WHAT YOU SHOULD DO: The part below that opens with the line containing "Location of KDAA" and closes with the line containing "Quảng cáo billboard Bình Dương" should be copied exactly, minus any pictures.

SUPPLIED DATA:
--- START ---
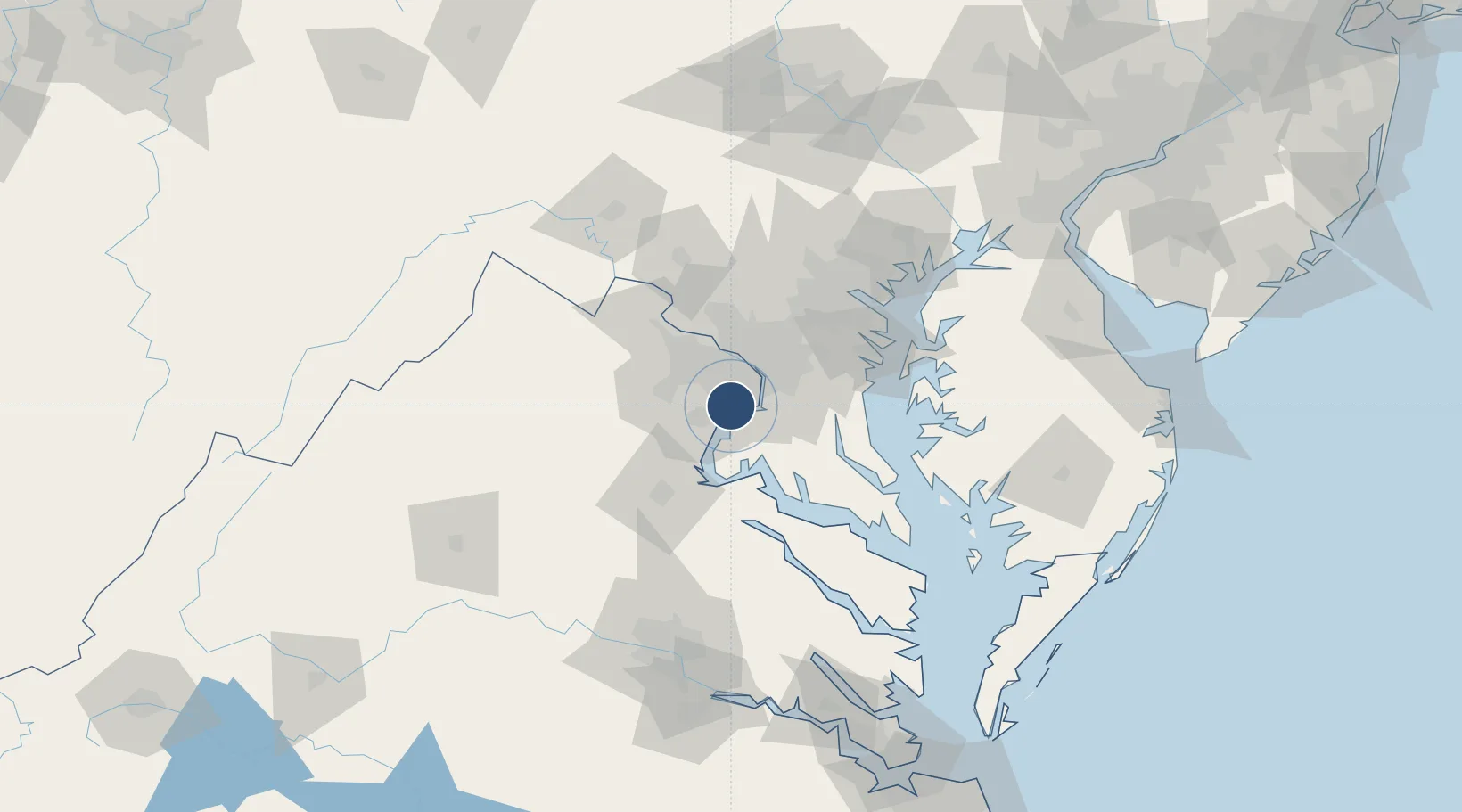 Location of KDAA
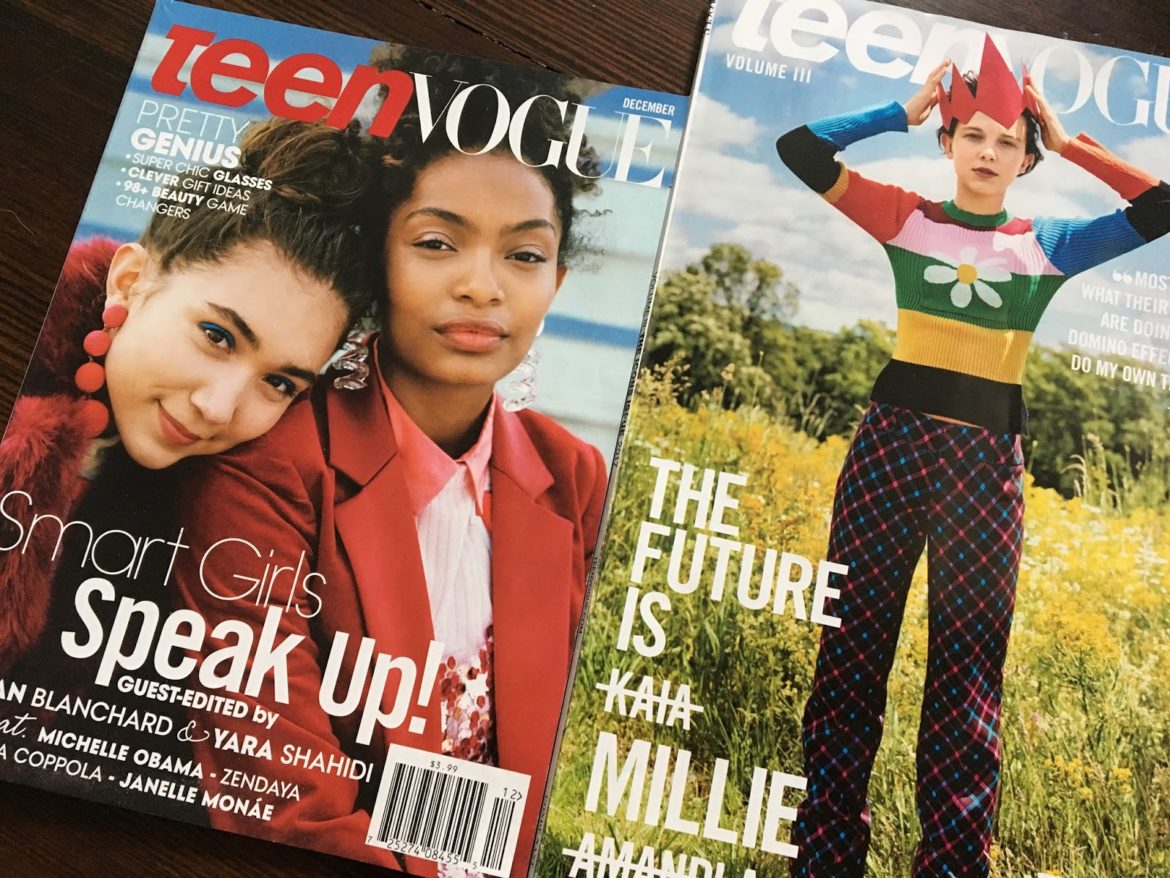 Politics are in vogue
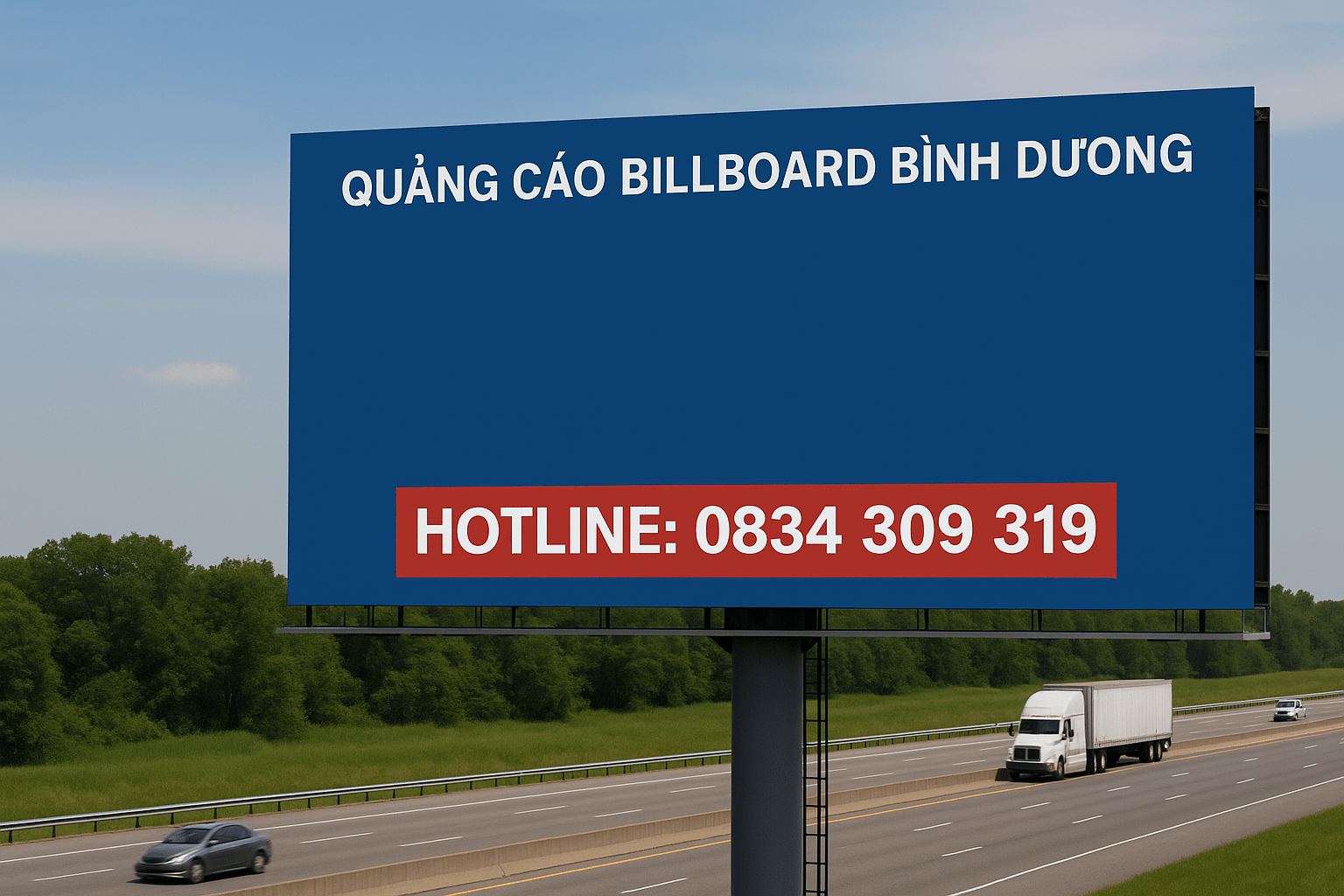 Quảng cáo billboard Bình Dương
--- END ---
--- START ---
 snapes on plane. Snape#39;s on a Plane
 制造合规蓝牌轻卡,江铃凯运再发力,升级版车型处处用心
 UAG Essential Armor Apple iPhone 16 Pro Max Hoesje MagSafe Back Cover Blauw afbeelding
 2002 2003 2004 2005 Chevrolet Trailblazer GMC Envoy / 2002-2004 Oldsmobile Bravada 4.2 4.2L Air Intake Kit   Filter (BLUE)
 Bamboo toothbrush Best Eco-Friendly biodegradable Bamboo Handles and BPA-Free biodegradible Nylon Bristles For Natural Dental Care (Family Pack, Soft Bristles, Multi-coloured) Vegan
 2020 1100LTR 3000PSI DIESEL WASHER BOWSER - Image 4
--- END ---
THE COMPLETED TASK:
 Location of KDAA
 Politics are in vogue
 Quảng cáo billboard Bình Dương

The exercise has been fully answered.